[Start of Attachment]

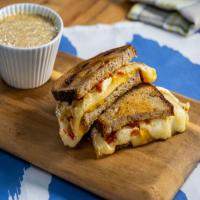 Apple, Cheddar and Brie Grilled Cheese_image
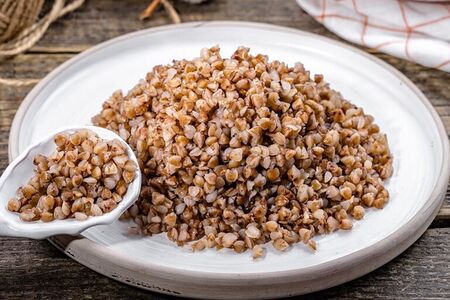 Гречка отварная с грибами и луком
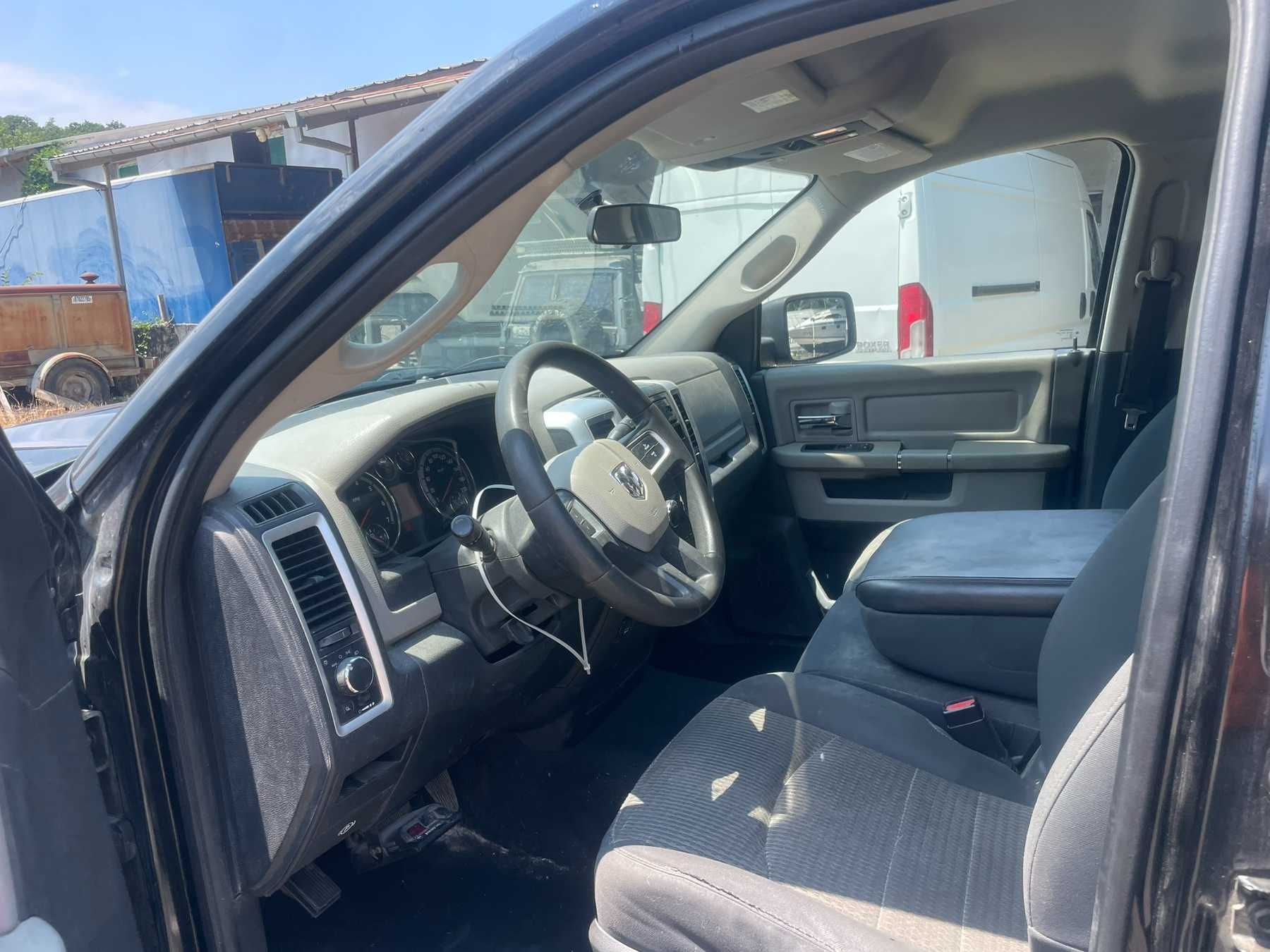 DODGE RAM 1500 2011 г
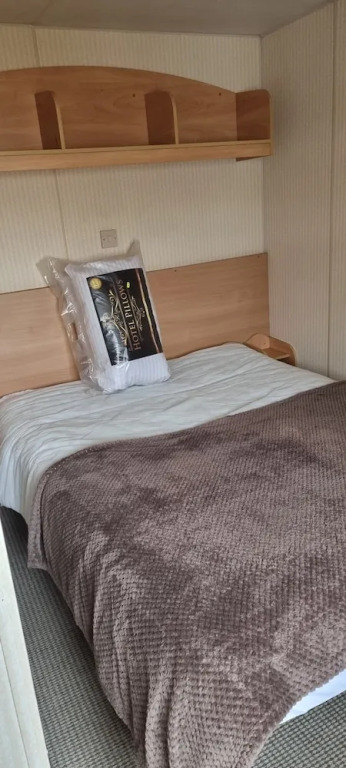 8 Berth Caravan Direct Beach Access
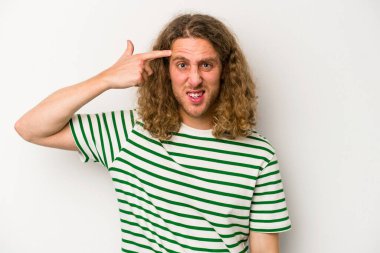 Beyaz arka planda izole edilmiş genç beyaz bir adam işaret parmağıyla hayal kırıklığı jesti gösteriyor..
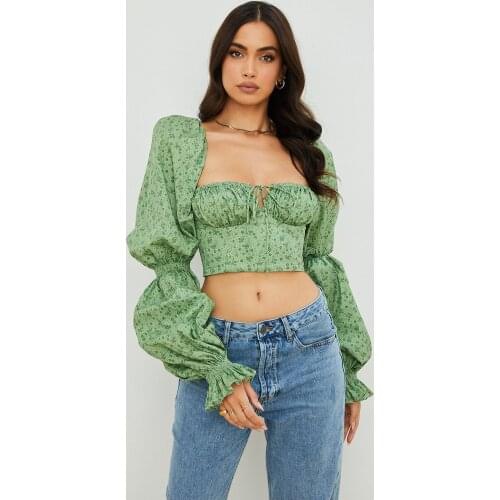 2021 new shirt floral square collar top with bubble sleeves, slim fitting and pleated, spring open clavicle short French shirt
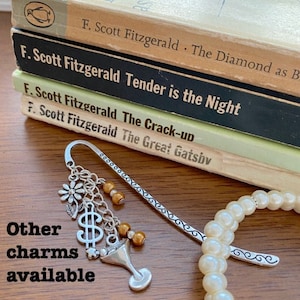F Scott Fitzgerald&#39;s The Great Gatsby beaded bookmark - other charms and bead colours available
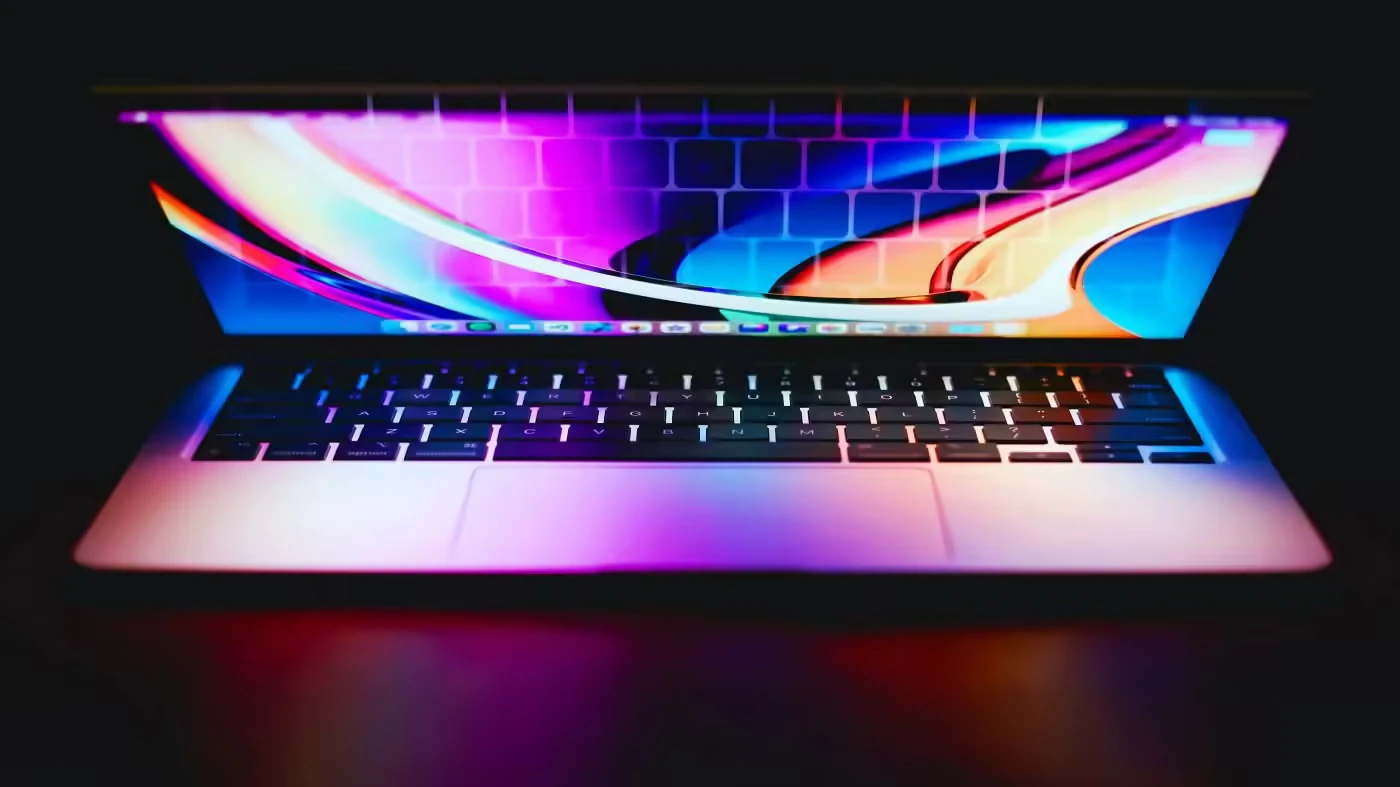 MacBook Ari M1 ma świetny ekran Retina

[End of Attachment]

- _Your goal_
Above are the records; please give again, exactly and in full, only the lines that run from the line with "DODGE RAM 1500 2011 г" through the line with "Beyaz arka planda", with no pictures.

- _Task result_
 DODGE RAM 1500 2011 г
 8 Berth Caravan Direct Beach Access
 Beyaz arka planda izole edilmiş genç beyaz bir adam işaret parmağıyla hayal kırıklığı jesti gösteriyor..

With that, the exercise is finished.